ESX FC Give & Take

List overview All Threads
Download

newer

older

snapmirror status / lag

SCSI LTO3 Drive for NDMP Backup...

Carl Howell

19 Sep 2007 19 Sep '07

9:51 p.m.

I'm troubleshooting an issue we're having with three ESX 3.01 hosts connected to a FAS3050c via Fibre Channel.

After a takeover of the filer node that has active VM/LUN's running on it, the following appears in the /var/log/vmkernel file of the ESX host that owns the active VM's:

Device vmhba2:0:2 has disappeared but is currently in use and could not be removed. Device vmhba2:0:3 has disappeared but is currently in use and could not be removed.

On the other two ESX hosts, this appears in the /var/log/vmkernel file:

Device vmhba2:0:2 has disappeared and has been removed. Device vmhba2:0:3 has disappeared and has been removed.

Now, the VM's survive the takeover and are still up and running, but if I attempt a giveback, all three hosts lose access to these LUN's and the VM's go down.

It appears to me that the ESX host that owns the active VM's has a SCSI reservation to these LUN's and a takeover is not enough to cause it to reset and remove that reservation(even though the paths failover properly).

This type of behavior is mentioned in http://www.vmware.com/community/thread.jspa?messageID=752442.

All of the timeout values have been verified etc. . .

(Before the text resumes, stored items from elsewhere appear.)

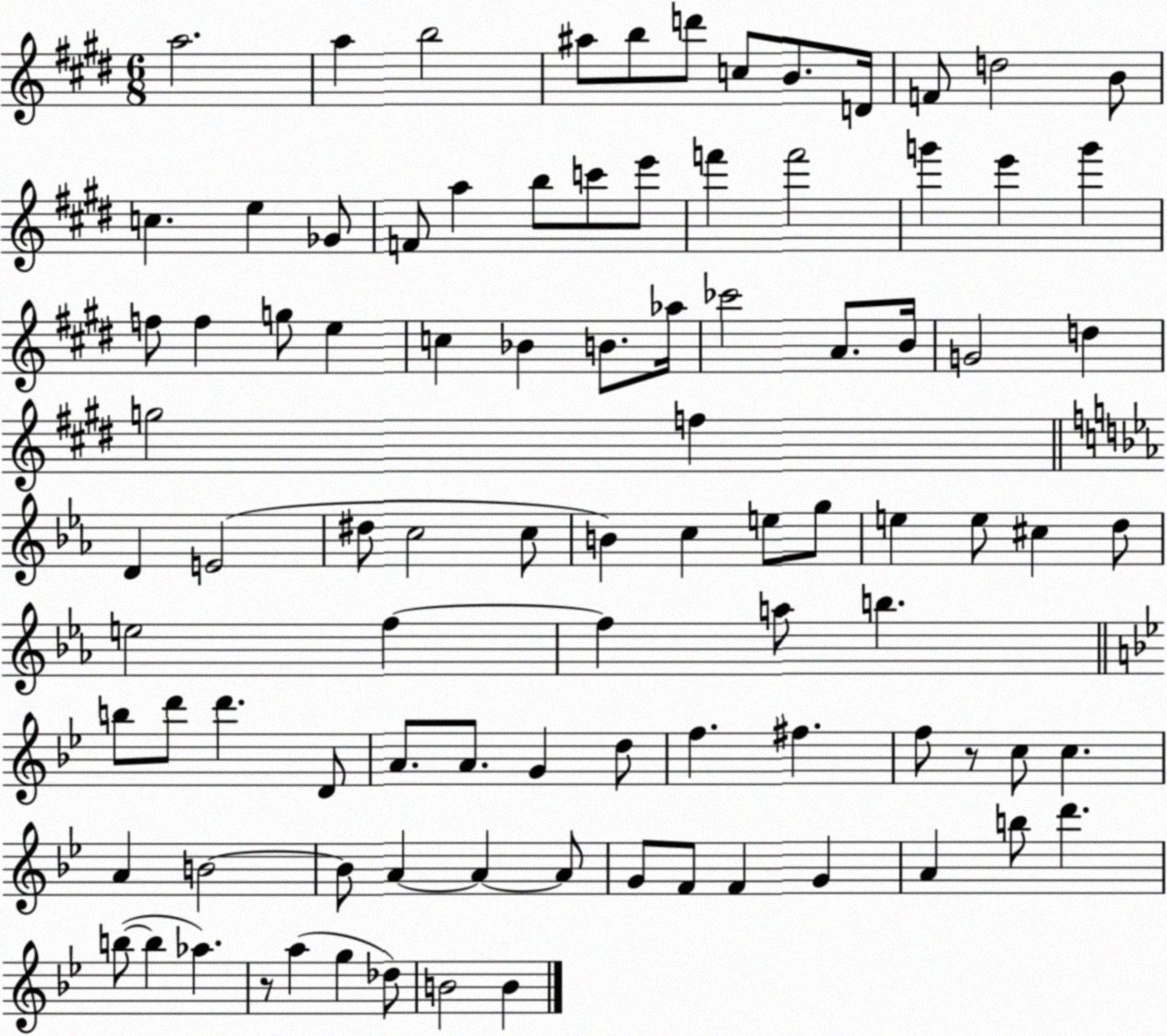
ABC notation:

X:1
T:Untitled
M:6/8
L:1/4
K:E
a2 a b2 ^a/2 b/2 d'/2 c/2 B/2 D/4 F/2 d2 B/2 c e _G/2 F/2 a b/2 c'/2 e'/2 f' f'2 g' e' g' f/2 f g/2 e c _B B/2 _a/4 _c'2 A/2 B/4 G2 d g2 f D E2 ^d/2 c2 c/2 B c e/2 g/2 e e/2 ^c d/2 e2 f f a/2 b b/2 d'/2 d' D/2 A/2 A/2 G d/2 f ^f f/2 z/2 c/2 c A B2 B/2 A A A/2 G/2 F/2 F G A b/2 d' b/2 b _a z/2 a g _d/2 B2 B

Thanks in advance for the help,

--Carl

Show replies by date

Pinsker, Christian

20 Sep 20 Sep

1:02 p.m.

Hi Carl,

I assume you have host attach kit etc. installed on you ESX hosts... best practice implementation...

So: To get rid of the reservations a short term workaround would possibly be to shut down the respective fc interface towards the frontend SAN for a few minutes - e.g. for 0c: "fcp config 0c down" ... "fcp config 0c up" Or even to restart (brute force approach) the fcp service (fcp stop / start).

The better and proactive approach to avoid this issue could be to set the fc ports on the FC switch to "f-port" (if they are set to "auto").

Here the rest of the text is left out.